On Thu, 2009-06-25 at 01:03 +0000, Aaron Bentley wrote:
> -----BEGIN PGP SIGNED MESSAGE-----
> Hash: SHA1
> 
> Robert Collins wrote:
> >  review -1
> > There are two consequences of the line you've added:
> >  - we'll lookup everything we are fetching in the target repository
> 
> We were already looking up everything we were fetching in the target
> repository.

With a different access pattern, yes. However thats arguably a bug, we
shouldn't need to look up CHK pages at all, as all their ids are
effectively random.

> >  - incorrect data in one location will be sticky there and no warning
> > will be given
> 
> We were already ignoring irrelevant incorrect data most of the time.
> With this change, we would ignore it all the time.

We were? Could you enlarge on this. We do ignore data that we already
have - is that what you mean?

> >>From a performance point of view, looking up things we don't have is
> > pretty much worst case: we'll have to hit every index, and read to the
> > bottom page, most of the time, to show we don't have it. We got
> > significant performance wins by removing or batching similar calls in
> > knit.py over the last couple of years.
> 
> When fetching the last 100 revisions of bzr.dev into a treeless branch,
> my patched version was actually faster, in our standard best-of-3 test:
> 
> skip-dupes:
> real	0m4.431s
> user	0m3.808s
> sys	0m0.196s
> 
> bzr.dev:
> real	0m4.439s
> user	0m3.788s
> sys	0m0.208s
> 
> I conclude that pull times are noisy enough that the inefficiency in my
> version is not observable.  Performance is not a concern.

Its not in that test/scale. However, larger pulls on larger trees may
well show different results. bzr itself is small in the scale of
projects that are using bzr now.

> > Now, add_records in the same file, *does* do a lookup for the same data,
> > but it does it in a batch which means that we don't run the risk of
> > cache thrashing on large pulls, *and* its controllable via the random_id
> > flag: we'll hit every backing index once and only once, and we don't pay
> > that overhead at all during commit.
> 
> I'd love to do a batched lookup in
> GroupCompressVersionedFiles._insert_record_stream,  but the API makes
> that very difficult.  It would be nice if the API told us, possibly in
> batches, what records it was about to send.

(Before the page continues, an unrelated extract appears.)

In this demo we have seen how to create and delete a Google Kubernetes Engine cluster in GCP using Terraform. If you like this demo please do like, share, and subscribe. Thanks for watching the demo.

Another way to structure this is to not error when add_records detects a
duplicate: just don't index it. The content will be redundant in the
group its in, but not looked up from there. (And if the group is empty
we could discard it). That would mean that only a single lookup happens
and would address the performance concerns I have.

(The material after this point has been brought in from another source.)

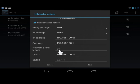In the DNS1 field, enter the DNS Address. Tap Save.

> I'm happy to disable the dupe-skipping code when random_id is True.
> 
> > I'd also _really_ prefer for us to just fix the data rather than working
> > around it in push and pull.
> 
> I'm not really sure what you mean.  In my case, my repository is
> reconciled, and I'm trying to pull correct data from
> lp:~launchpad-pqm/launchpad/devel.  This bug prevented that, and no
> random launchpad developer can reasonably be expected to reconcile the
> master copy of lp:~launchpad-pqm/launchpad/devel.

The master copy was meant to be reconciled *before* migrating; and all
user repositories were also meant to be reconciled. 

> Because push and pull are acting as a barrier, preventing pure and
> impure repositories from interoperating, we have to delay reconciling
> lp:~launchpad-pqm/launchpad/devel.  If we were to reconcile it now, that
> could break all other launchpad devs until they, too, reconciled.
> 
> Because push and pull act as a barrier and reconcile takes 3+ days to
> run, we would have to stop all PQM commits for 3+ days in order to
> reconcile lp:~launchpad-pqm/launchpad/devel.  If we were to take a
> mirror of lp:~launchpad-pqm/launchpad/devel and reconcile that, we might
> not be able to merge in the commits that had happened while reconcile
> was running, even though those commit would be correct data.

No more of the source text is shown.